Poor publicity-starved Loudoun Supervisor “Ken” Reid (R-Leesburg), who has been known to trample small children and little old ladies racing across the room to buttonhole a newspaper or television reporter, has certainly been offering his sage opinions in abundance to the local media lately.
Apparently operating on the old principle that any publicity is good publicity, he has not however been wasting effort thinking about what he’s actually saying. In that respect he seems to be following in the well-trodden footsteps of fellow GOP Supervisor Eugene Delgaudio (R-Sterling), though apparently with less calculation: Delgaudio, one senses, at least knows he is saying something outrageous and is banking on getting attention as a result.
With “Ken” it’s all much more spontaneous.
There was his memorable recent explanation to the Washington Post on why opposes Metro: that it would do nothing to alleviate traffic congestion since “more people will be driving in the future.”
And then, continuing his astonishingly unconvincing efforts to pose as an authority on Lyme Disease (“Ken” says he has done a lot of research on the subject), he gave a very authoritative interview to WTOP radio:
“We have the highest prevalence of Lyme disease in the state and the third highest number of cases in the country,” says Supervisor Ken Reid (Leesburg), who has studied the disease and is the co-author of the county’s Lyme prevention initiative.
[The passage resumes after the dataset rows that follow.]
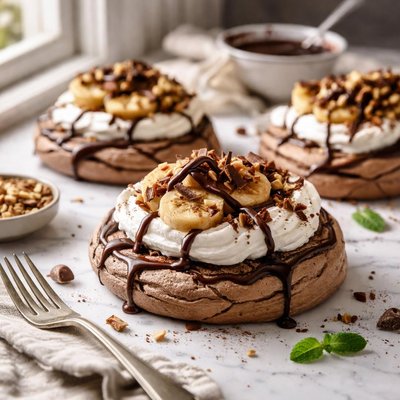 Image of Chocolate Banana Pavlovas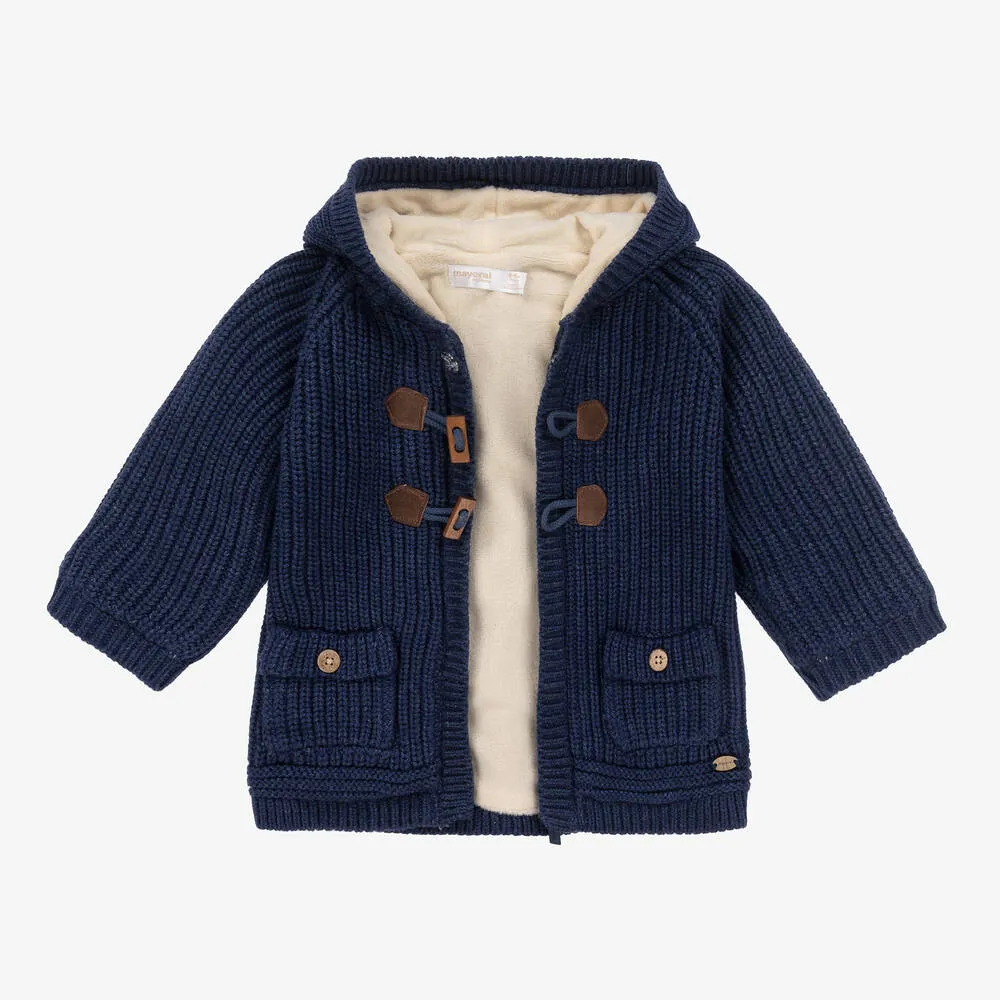 Navy Blue Knitted Cotton Pram Coat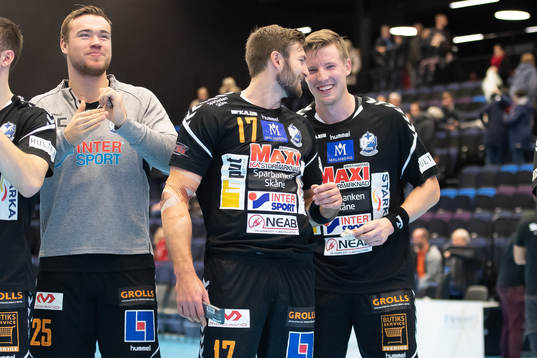 Kristianstads Helge Freiman och Adam Nyfjäll jublar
Yes, that would be third highest number of cases in the country, just after Orange County, Suffolk County, Dutchess County, and Albany County, New York (all of which have twice as many cases per year as Loudoun); Morris County, Monmouth County, Sussex County, and Hunterdon County, New Jersey; Chester County, Pennsylvania; Montgomery County, Maryland . . .
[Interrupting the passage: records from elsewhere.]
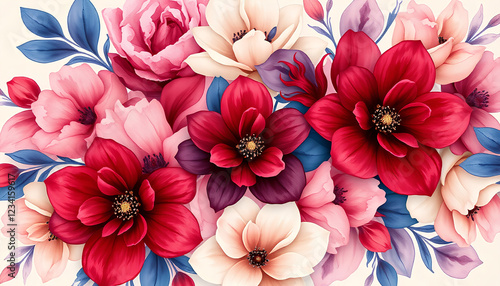 A lavish watercolor floral tapestry, with each petal blending effortlessly into a rich medley of ruby red, indigo, and creamy beige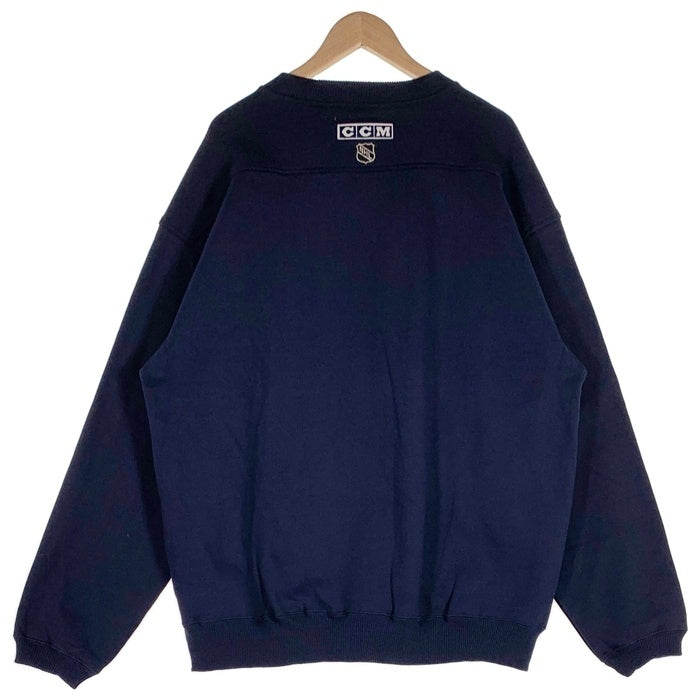 CCM シーシーエム Newyork Rangers ニューヨーク レンジャース NHL クルーネック スウェット ネイビー カナダ製 Size L 福生店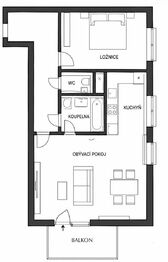 Půdorys - Pronájem bytu 2+kk v osobním vlastnictví 50 m², Ostrava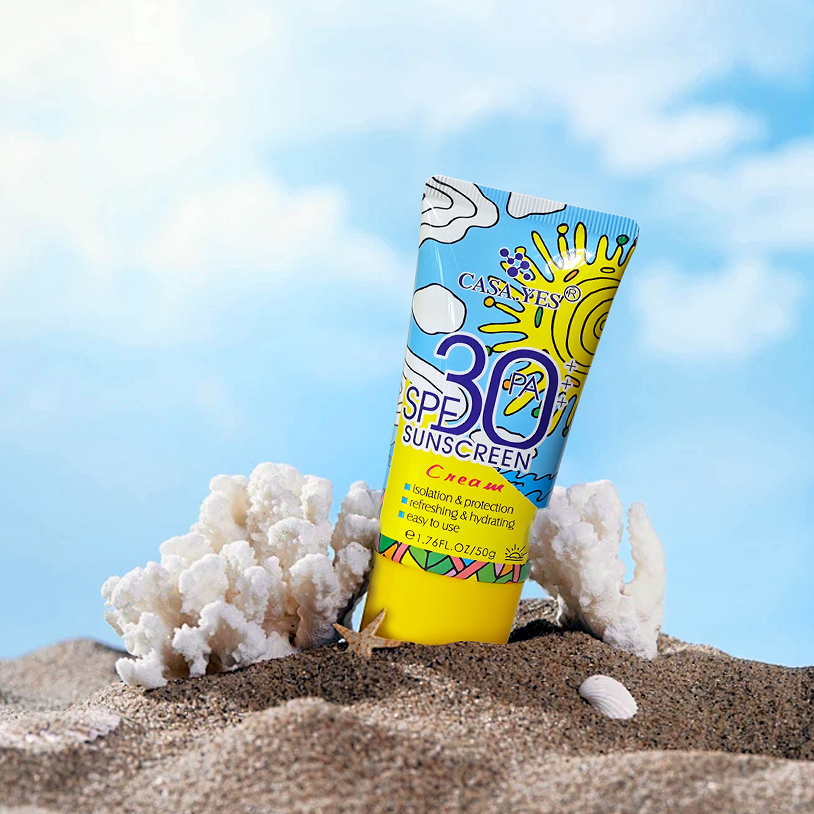 Clearance CASA.YES SPF30 PA++ Sunscreen Cream, Refreshing Hydrating UV Protection Sun Lotion, Non-Greasy Facial Body Sunblock 50g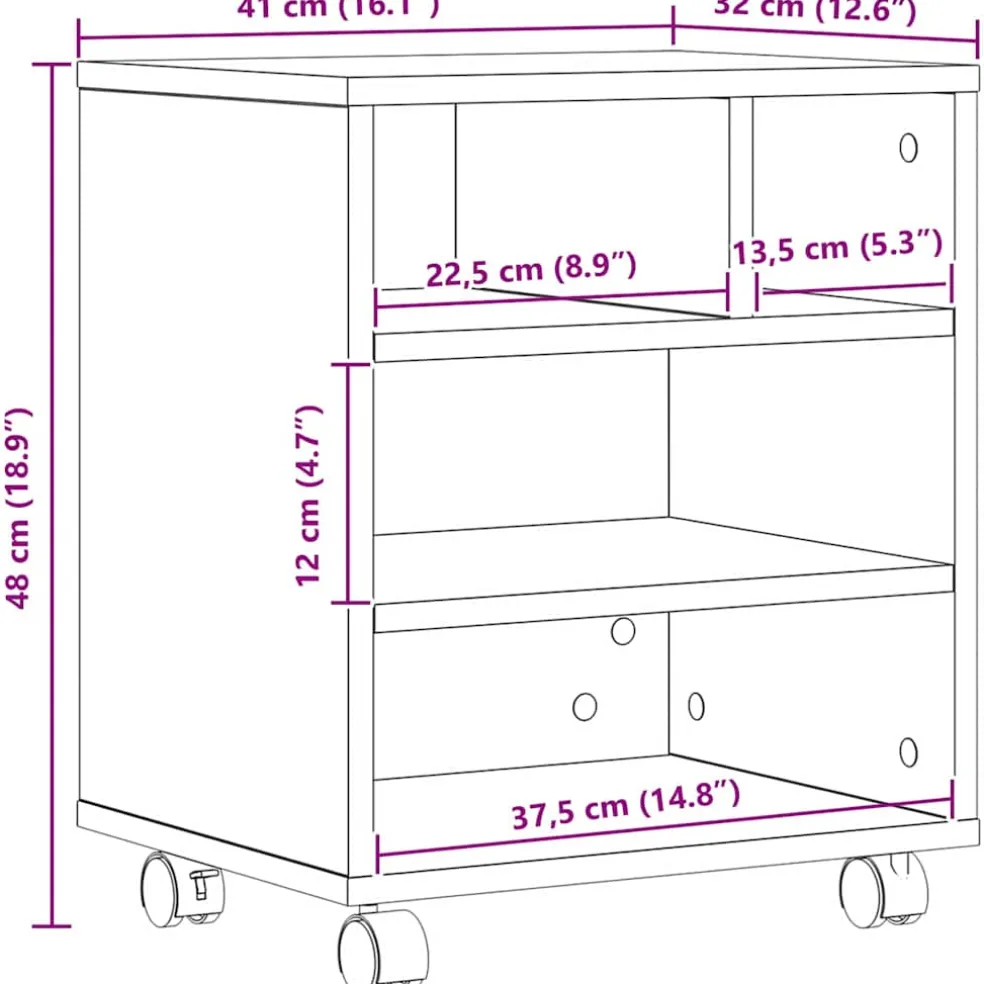 vidaXL Printerstand Artisanaal eiken 41 x 32 x 48 cm Bewerkt hout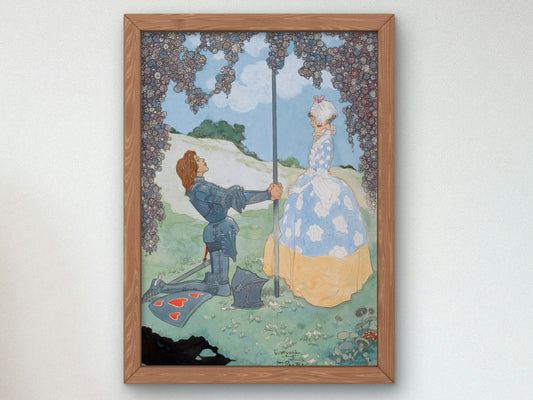 The Knight and His Maid by René Bull, Wall Art Print, Fine Art Reproduction, Museum Quality Decor, Poster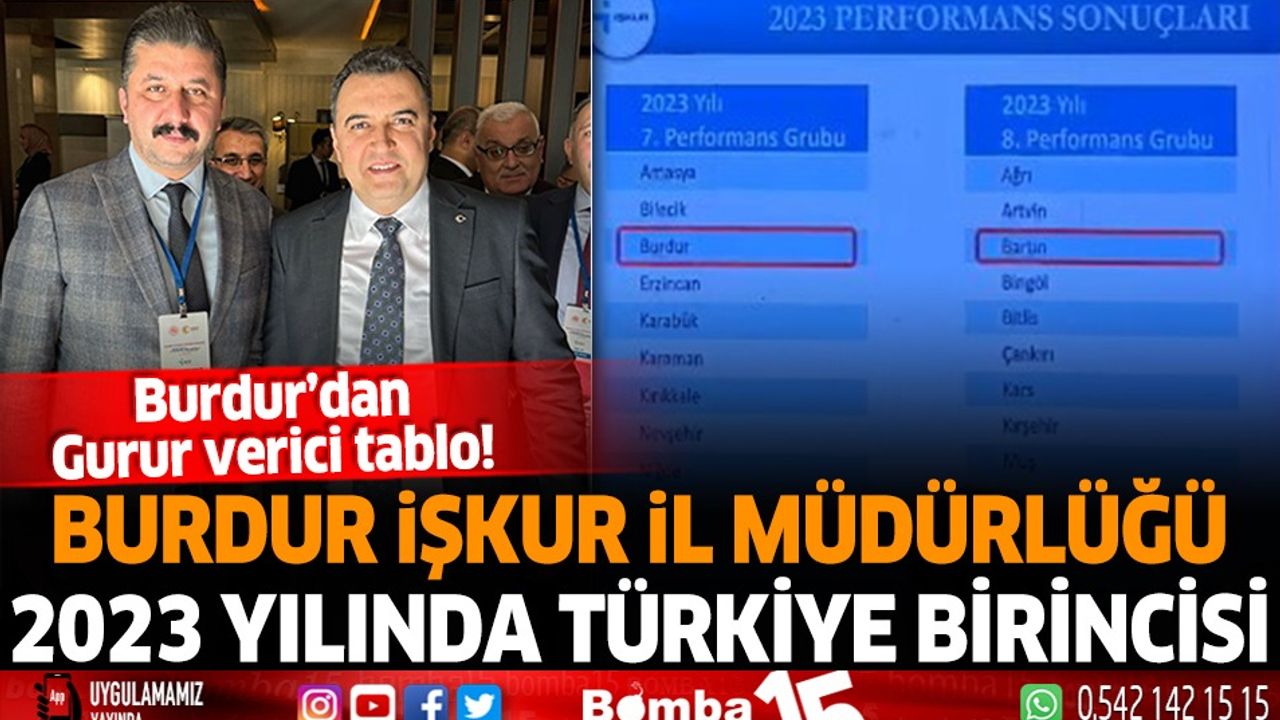 Burdur Çalışma ve İş Kurumu İl Müdürlüğü 2023 Yılında Türkiye Birincisi!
Actually, the Board of Supervisors has grown amazingly quiet about their much vaunted Lyme Disease initiative, apparently having discovered that what they thought would be an easy feel-good meaningless bit of political theater blew up in their faces when (a) it turned out they didn’t know what they were talking about scientifically or medically (b) the crassness of their attempt to exploit the issue politically became obvious and (c) their major initiative of incorrectly and lavishly spraying thousands of gallons of dangerous pesticides over a bunch of county parks provoked far more protests than congratulations.
Realloudoun will be off next week, returning later this month.
Hope the Loudoun Hounds won’t have started playing in the meanwhile! We’d hate to miss seeing Scott York throw out the first pitch.